Initial Coretime Pricing

Initial Coretime Pricing

Coretime on Kusama is around the corner, and we need to start discussion the initial price-setting of Bulk Coretime on Kusama and Polkadot. For the purposes of simplicity, let’s keep the scope of pricing to Polkadot, and after discuss how Kusama Coretime prices should be set relative to the consensus reached on Polkadot. It is also outside of the scope of this discussion to talk about renewal factors and prices, which is its own entire can of worms I’d like to avoid for now.

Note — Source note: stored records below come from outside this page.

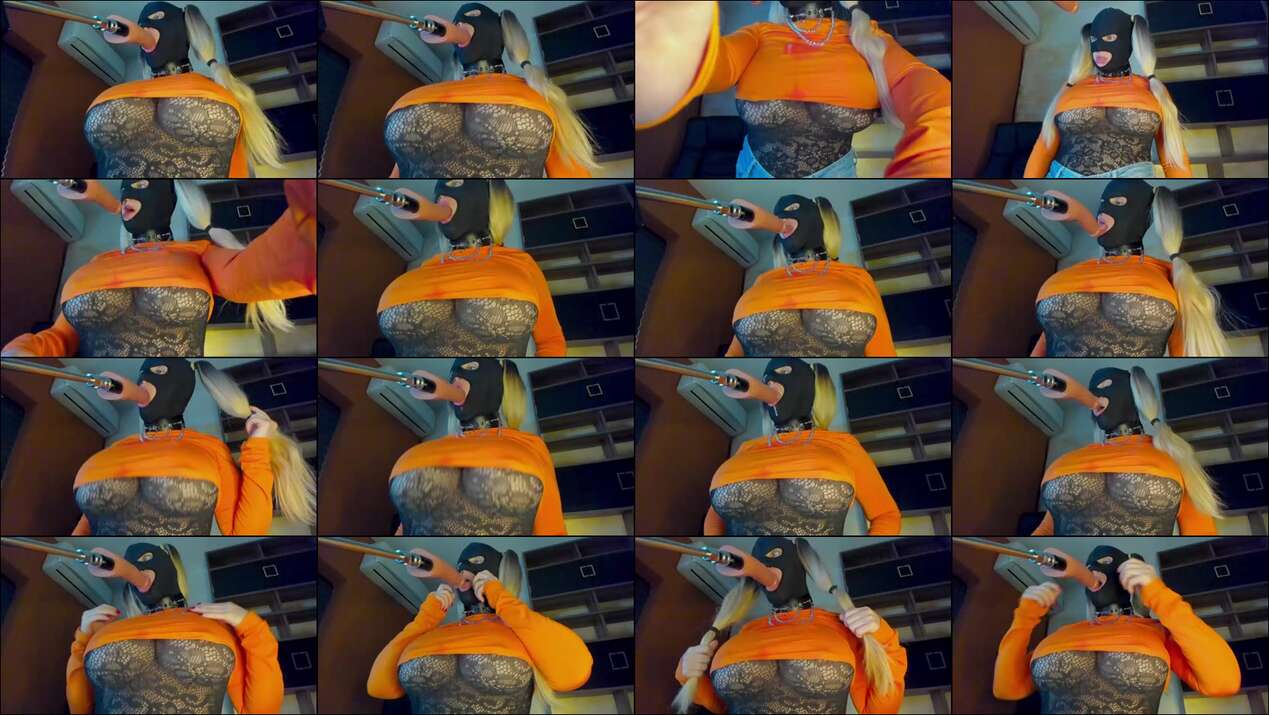 MisterylandChaturbate Porn Cam 2024-01-01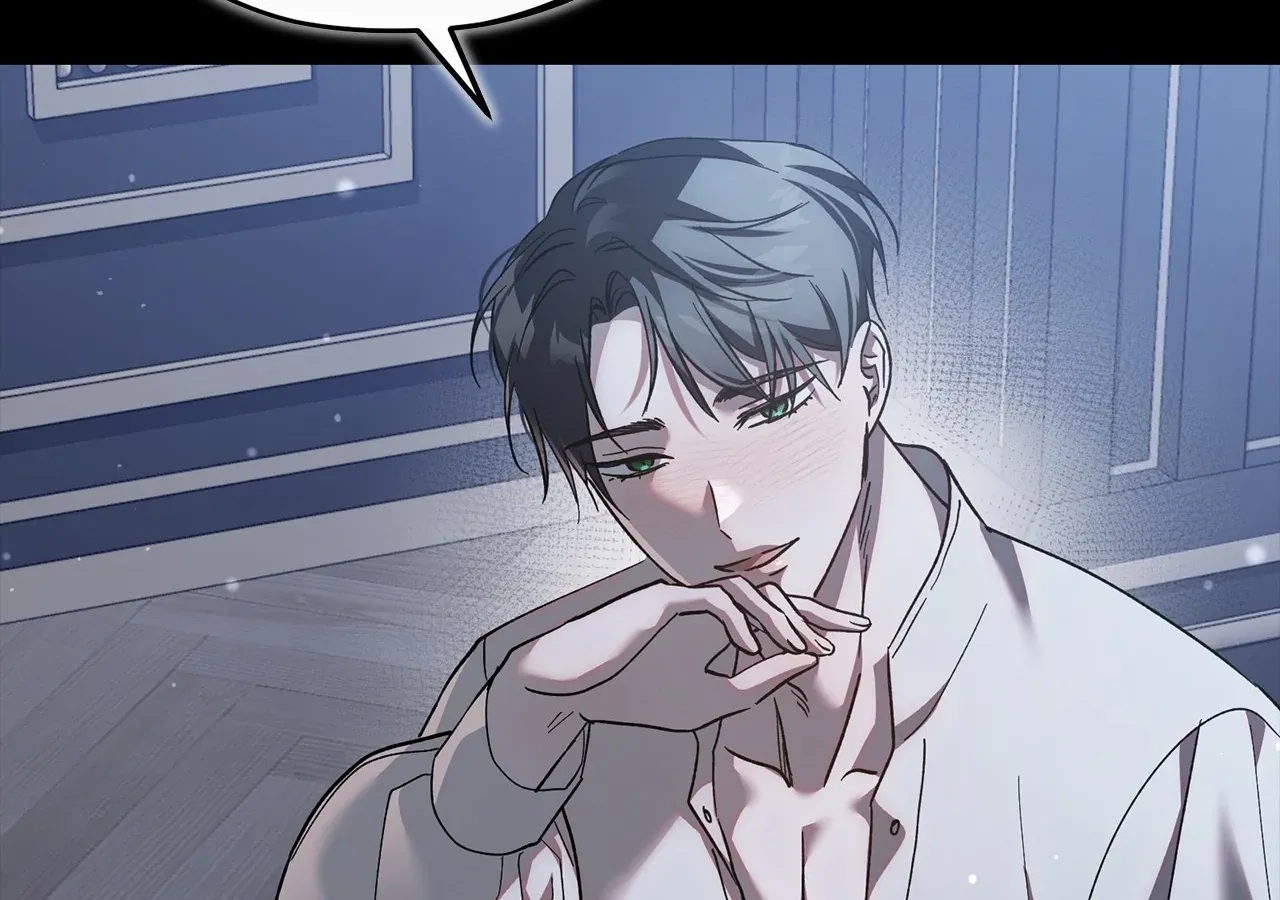 Escape Me If You Can Chapter 37 page 159 - 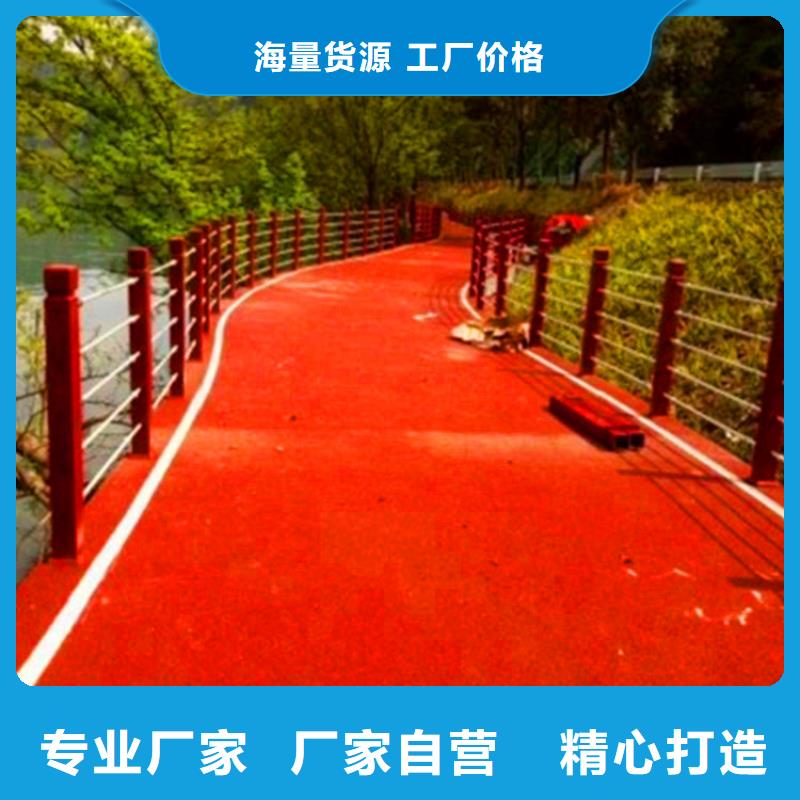 河道景觀護(hù)欄價(jià)格多少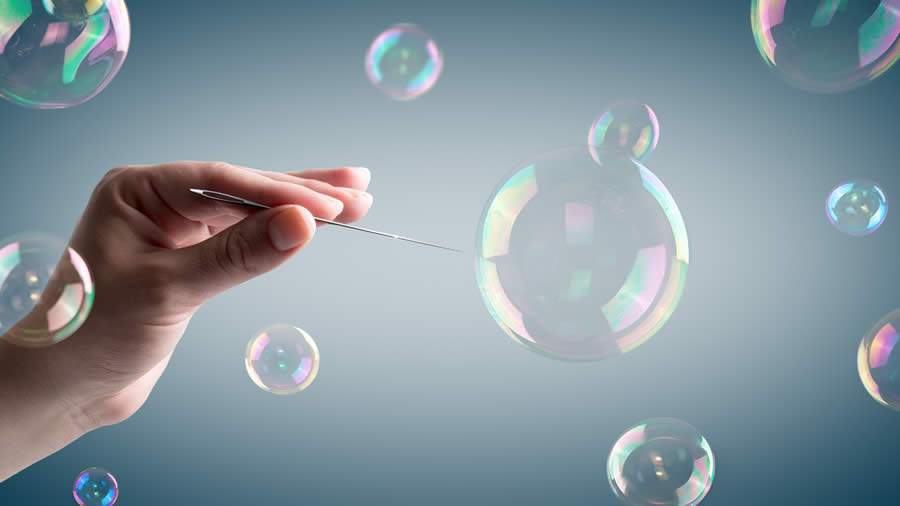 US$ 2 trilh&otilde;es n&atilde;o cobrem uma pandemia. Qual a solu&ccedil;&atilde;o?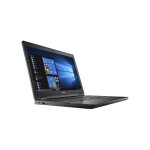 Pc portable - dell - latitude 5580 - 15 - reconditionné - etat correct Pc portable - dell - latitude 5580 - 15 - reconditionné - etat correct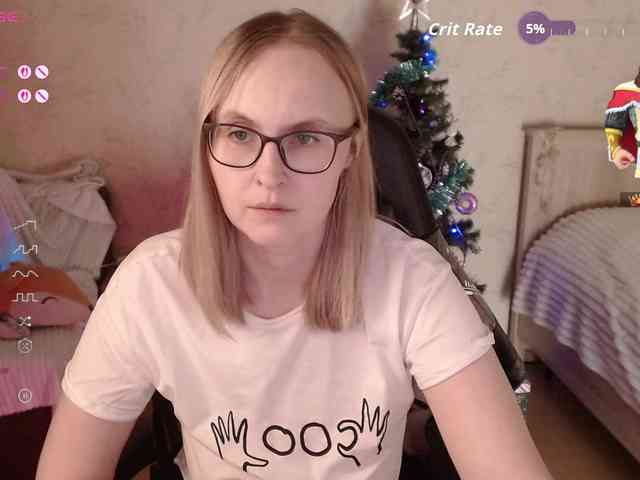 agathamott webcam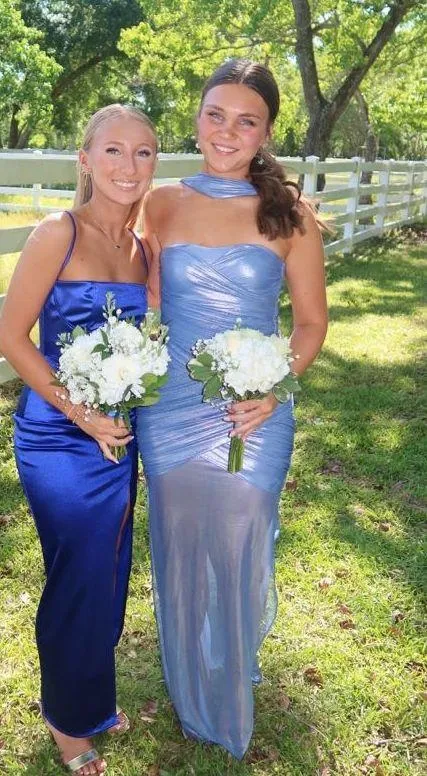 Windsor Prom Dress - Image 2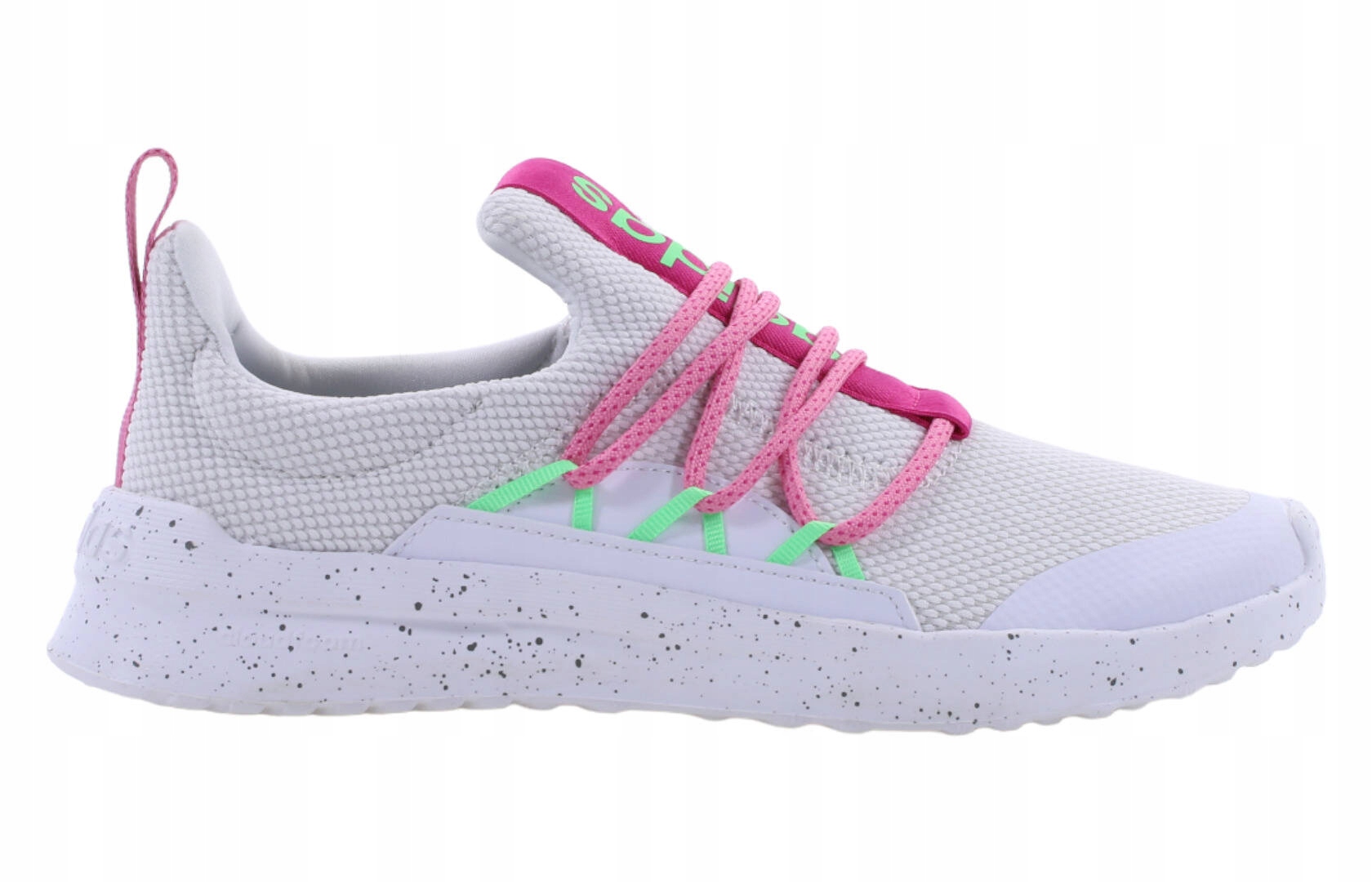 Buty młodzieżowe adidas Lite Racer Adapt 5. GW6583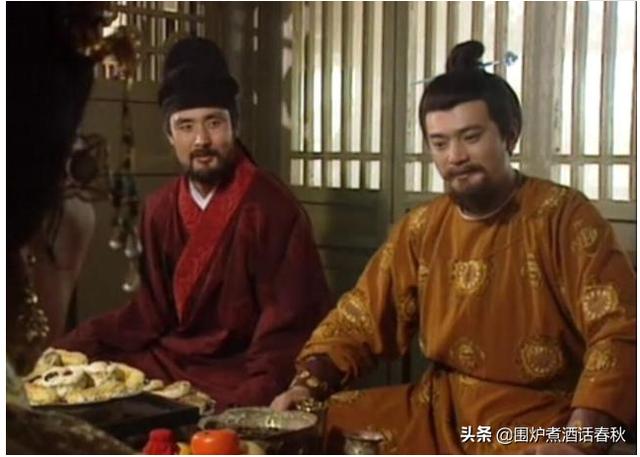 贺兰敏月:武则天为何要杀死贺兰敏之？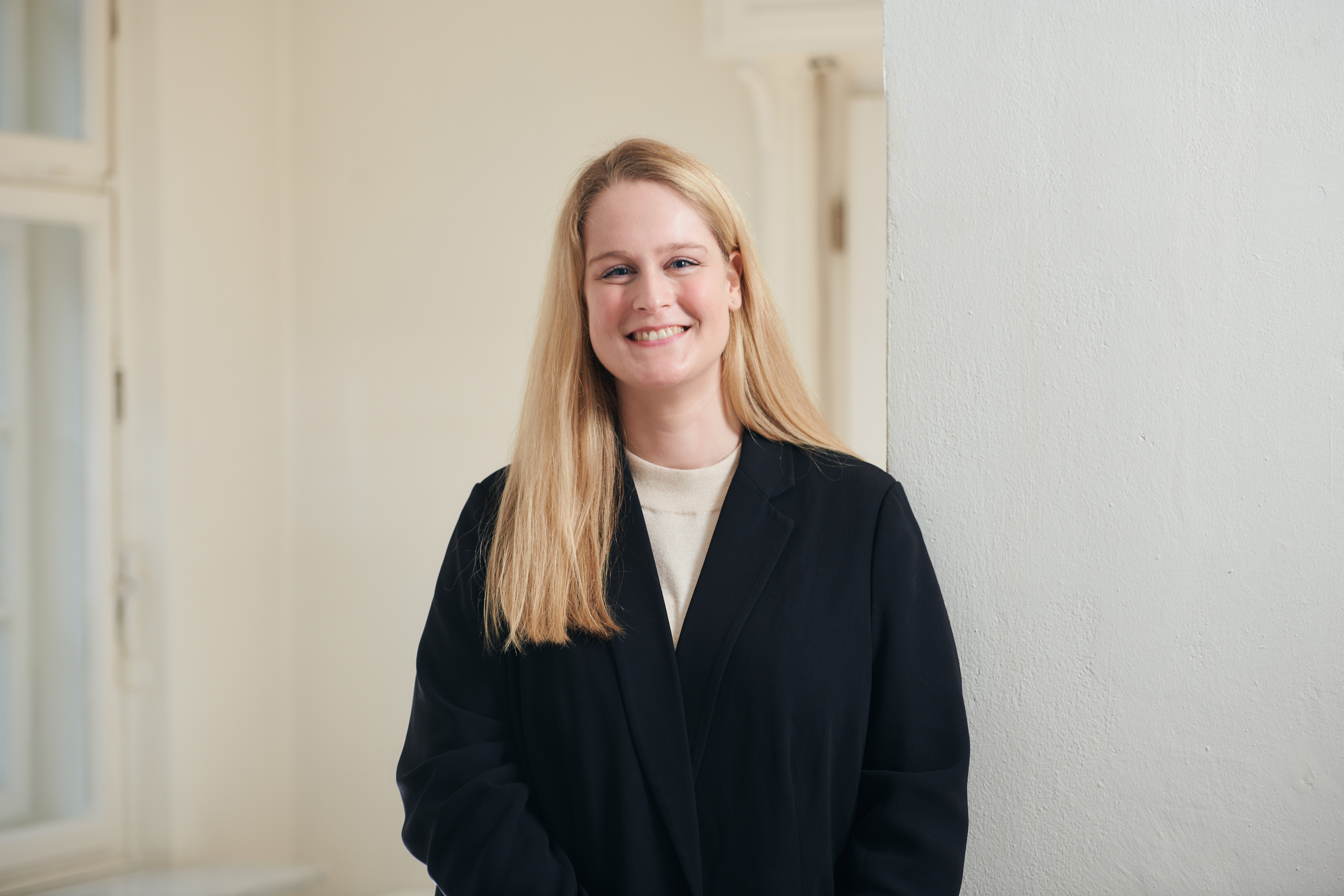 Lisa Kalleder - Wibatax Steuerberater & Wirtschaftsprüfer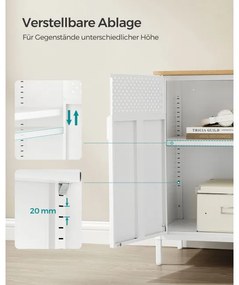 Úložná skrinka LSC102W57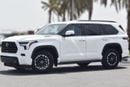 تويوتا سيكويا 2024 MODEL: TOYOTA SEQUIOA 3.5L TRD OFFROAD - HYBRID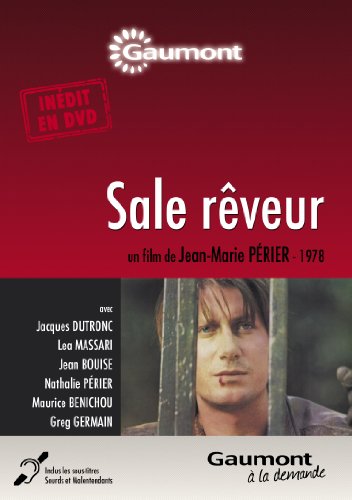 Sale rêveur [FR Import] von Gaumont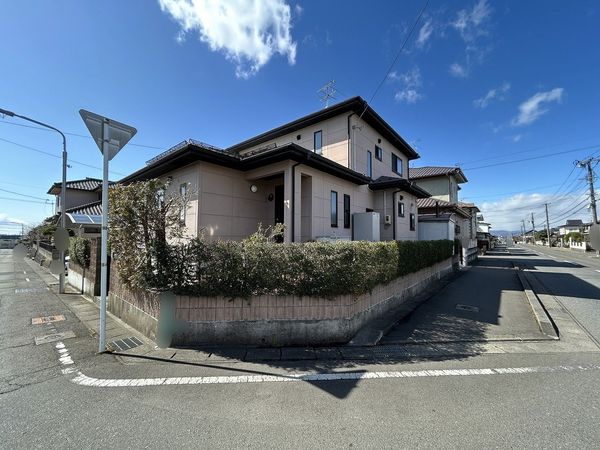 向陽台3丁目 戸建 外観 向陽台3丁目 戸建 外観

For full disclosure, this is Asynchronous Phil, co-founder of Lastic, a blockspace marketplace built on the Polkadot Coretime model.

Bulk Coretime

Background
Bulk Coretime is sold in monthly allotments of a number of cores. The price of a bulk core adapts to the sales of the previous sale, but without an initial price, teams cannot forecast their costs. Parachains with existing slots (i.e., Legacy Cores) get the entire length of their 2-year lease they have acquired in their auction, and do not need to pay for their core until this legacy lease expires.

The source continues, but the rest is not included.